Mö'te Savasi
Arab yar ımadası haricindeki hükümdarlara gönderilen elçiler, onlardan aldıkları müsbet ve menfi cevaplarla geri döndükten sonra Resulü Ekrem Arabistan haricinde faaliyette bulunmak üzere bir ordu hazırlamağa koyuldu, Rumlarla, İranlıların vaziyetlerini ve faaliyetlerini tetkika başladı. Rumların, hudutları, Peygamberin hududuna bitişik idi. Onlardan gizli haberler almağa çalışılıyordu. İslâmiyetin yayılışı bütün halk tabakalarına sirayet ettiği için, dinin tamimi meselesi Arab hududlarını aşınca geniş çapta yayılacağı muhakkaktı. Alınan haberler ve müşahedeler Islama davetin Şam Ülkesinde daha geniş kabule mazhar olacağını gösteriyordu. Yemen'deki Kisra'nin valisi davete icabet etmiş olduğundan, Şam ülkesine bir ordu şevki düşünüldü. Hicretin yedinci yılının Cemaziyülevvel ayı içinde yâni Hudeybiye musalehasından bir kaç ay sonra en seçkin Müslüman kahramanlarından üç bin mücahid toplanarak Harisi oğlu Zeyd'in kumandasına verildi. Kendisine bir şey olursa onun yerine Ebu Talibin oğlu Cafer, ona da bir şey olacak olursa Revvaha oğlu Abdullah'ın yerine geçeceği tebliğ edildi. Ordu hareket etti. Hudeybiye musalehasından sonra Müslüman olmuş olan Halid ibn-i Velid beraber idi. Resulü Ekrem Medine haricine kadar orduyu takip etti ve kumandan lara; kad ınlarla çocukları ve körleri öldürmemelerini, evleri yıkmamalarını, ağaçları kesmemelerini tenbih etti ve sonra şu duada bulundu :
«Allah sizinle beraber olsun ve sizi muhafaza buyursun. Sağ ve salim bize iade etsin.» Ordu hareket etti. Kumandanlar bu harbin, Resul-i Ekrem'in bizzat bulunduğu harplerde yaptığı gibi bir yıldırım harbi, bir baskın şeklinde olması kararında idiler. Şam ordusunu ansızın basıp mağlûp etmek istiyorlardı. Bu programla ilerleyen ordu Maan'a geldiği vakit Herkl'in Şam kumandanının müslümanlara karşı Arab kabilelerinden yüzbin muharib topladığı gibi bizzat Herkl'in de ayrıca yüzbin muharib ile gelmiş olduğu haber alındı. Bu haber ortalığa korku verdi. Maan'da iki gün kalan ordu, bu büyük kuvvet karşısında ne türlü hareket edileceğini düşünmeğe bağladı. Bazıları keyfiyeti peygambere yazıp düşmanın sayısını bildirerek takviye kuvvetleri istemeyi, bazıları da bu vaziyete karşı Peygamberin talimat ve emirlerini beklemek lâzım olduğu mütalâasında bulundukları bu sırada Revvaha oğlu Abdullah şöyle bir hitabda bulundu :
Ey cemaat! Şimdi aradığınız şehidlik payesi önünüzdedir. Biz bugüne kadar harb ettiklerimizle ne adet, ne de kuvvet çokluğuyla değil, ancak Allahın bize ihsan buyurduğu din kuvvetiyle savaştık. Yürüyünüz! İki rahmetten biri... Ya düşmanı mağlûp etmek veyahut şehitlik!...
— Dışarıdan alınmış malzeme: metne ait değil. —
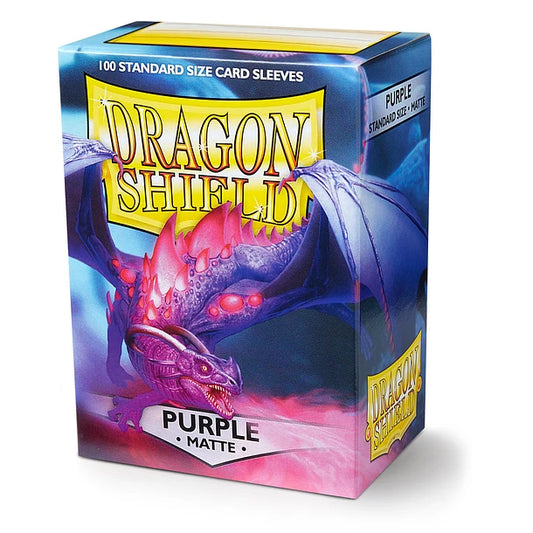 Protectores Dragon Shield Matte - Purple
Bu hitabe m ü'minleri coşturdu. Müsarif köyüne varan ordu orada Rum yığınlarına tesadüf etti. Oradan Möte'ye saparak orada konakladılar. Orada rnüslümanlarla Rumlar arasında en korkunç ve en müthiş kanlı bir harb başladı. Sanki ölüm korkunç ağzını açmış, insanları yutuyor gibi idi. ölüm ve şehidlik arayan üç bin imanlı müslüman ordusunu kamilen imhaya azmetmiş yüzbin veyahut iki yüzbin kişilik bir düşman ordusu olanca hıncı ve güciyle savaşıyordu. Böylece iki taraf arasında müdhiş bir harb başlayınca Zeyd, Peygamberin sancağını alarak düşmanın ortalarına doğru atıldı. Ölümle karşı karşıya idi ve onu müşahhas bir şekilde karsısında görüyor gibi idi. Korkmuyordu, çünkü şehitlik arıyor ve bunun için akla sığmayacak bir kahramanlıkla düşman mızrakları kendisini parçalayıncaya kadar harb etti. Sancağı Ebu Talib oğlu Cafer aldı. Henüz otuz üç yaşında yakışıklı bir genç idi. O da Ölümü arar gibi döğüşürken etrafı düşman tarafından çevrildi. Atının ayakları kesilmişti, yaya olarak yalın kılınç düşmanın ortasına atıldı. Rumlardan biri bu kahramanın üstüne atılarak vücudunu ikiye bölerek onu şehit etti. Sancağı Revvaha oğlu Abdullah aldı ve ileriledi. At üstünde idi. O da düşmanın üzerine saldırdı ve döğüşerek öldü. Sancağı Erkanı oğlu Sabit alarak : Müslümanlar içinizden birini seçiniz. Diye bağırdı. Velid oğlu Halid seçildi. Halid sancağı aldı. Müslüman saflarını dolaştı, onları sıklaştırdı ve gece karanlığı basıncaya kadar ordusunu oyaladı. Geceleyin Halid. düşmanın sayıca üstünlüğünü ve kendi ordusunun azlığını görerek muntazam bir ric'at plânı hazırladı. Bu program gereğince ordu mevcudundan az bir kısmım cephe gerisine dağıttı. Sabah olunca sanki Peygamberden kendilerine imdat kuvveti gelmiş gibi düşmanları aldatacak bir yaygara ve gürültü koparmalarını onlara tenbih etti, böyle de yaptılar, düşman bundan ürktü ve taarruzdan çekindi ve hattâ Halid'in mukabil taarruza geçmediğine sevindi. Çok geçmeden Halid'in yaptığı program mucibince müslüman ordusu cepheden çekilerek Medine'ye döndü. Böylece ne galip ve ne de mağlûp olmuş fakat kendilerine kat kat faik kuvvetler "karsısında müslümanlar büyük kahramanlıklar göstermişlerdir.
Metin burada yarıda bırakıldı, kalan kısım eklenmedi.